Kiralee took over the salon, worked six days a week, built up her client base and ran The Place as a one-woman show for many years.
But a decade of hard work, a rotating staff of eight, a husband, a home and two kids later, she says she wouldn't change a thing as her salon celebrates its tenth anniversary this week.
"For the first two years (when I started) I was here on my own. I had no staff," Kiralee said.
"And each year we just got busier. But I was really excited about it. To tell you the truth, I loved working for myself.
"I always wanted my own business, so it was always going to happen and I really enjoyed it."
Kiralee said she knew from the start she wanted her salon to be more than a haircut or colour.
"I had worked for someone and I wanted to open up a boutique salon that more concentrated on the customers experience in the salon," she said.
"That's why we do head and hand massages and pampering; they have wine and things like that."
Kiralee said that important element of her salon came from her own experience at others.
"I'm a person that enjoys that. I love massages and things like that," she said.
"And people these days want to have an experience. It's not just about getting their hair done. It's all about the service on top of the hair.

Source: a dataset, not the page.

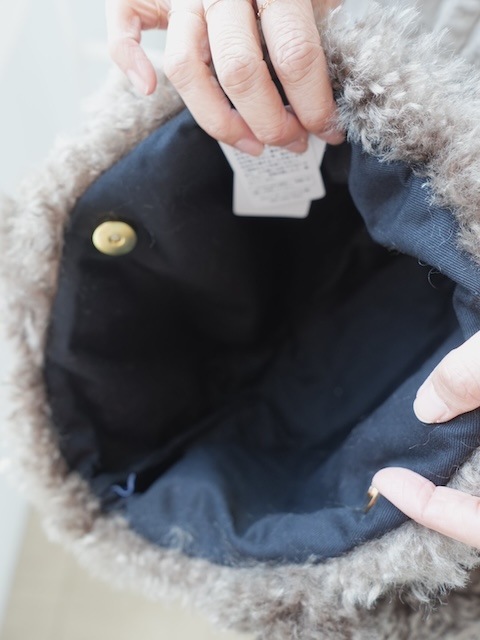 ＜select＞fur totobag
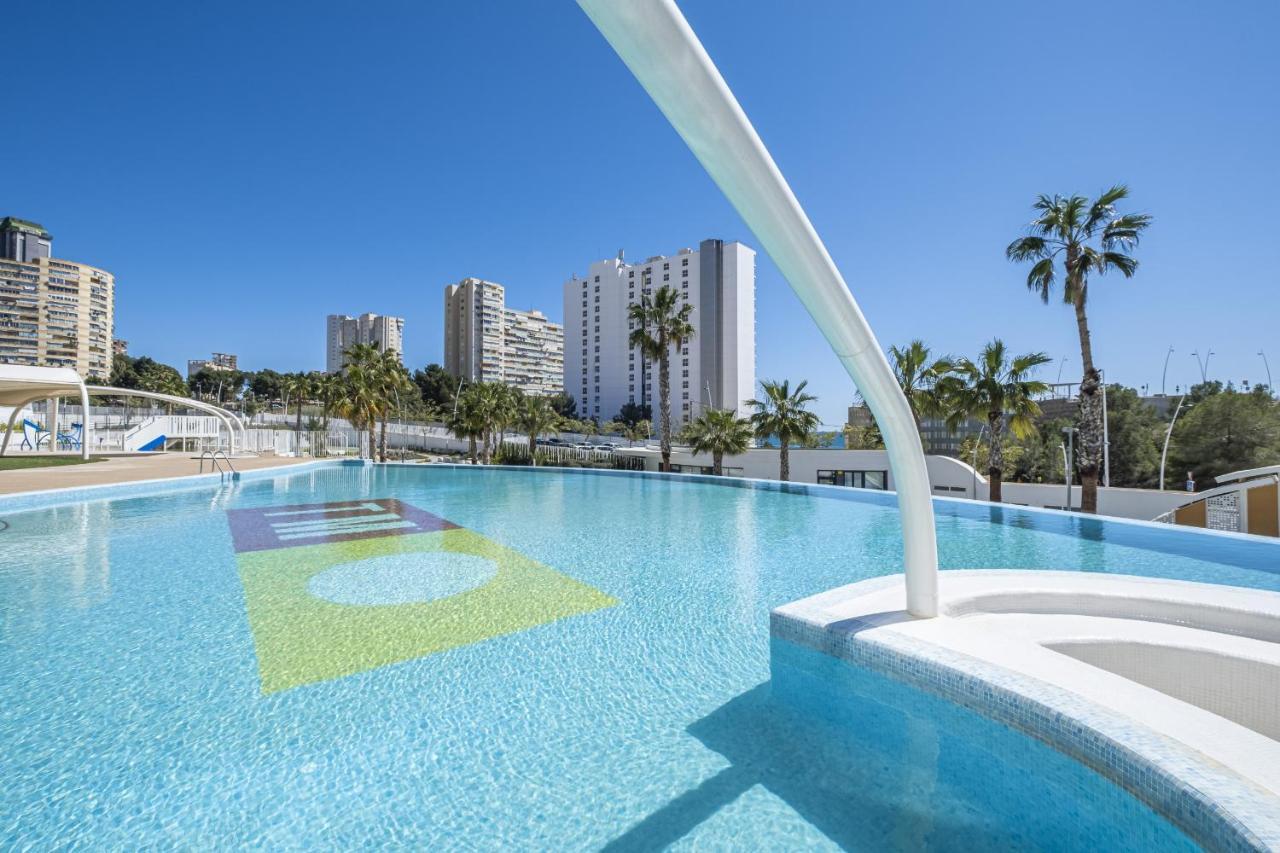 Sunset Waves 3-194 Poniente Beach Resort เบนิดอร์ม ภายนอก รูปภาพ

That has to be good."
Kiralee felt it was the added element that gave her salon an edge on its competitors.
"(And clients came from) word of mouth, even to this day, it's all word of mouth," she said.
"I always think if you do a great job, people will talk about it."
She said follow-up phones calls were another important element of her salon.
"When a client's in, we do a courtesy call the following week to see how their hair is.
"And that always gives you the opportunity to see if there is something they're not happy about and you can always fix the situation before you lose them."
That's because, Kiralee says, she is not only in business of hair but also the business of people.
"Small business is really hard. It's a lot of hard work and it's a lot of long hours," she said.
"And you're really dependent on your clientele, you're dependent on people supporting you and being loyal and staying with you.
"You've got to make sure you always give amazing service to keep them coming back to you."
But Kiralee said that wasn't something she'd had to worry about with some clients on her books for more than a decade.
"I've actually got clients I've had since I did my apprenticeship."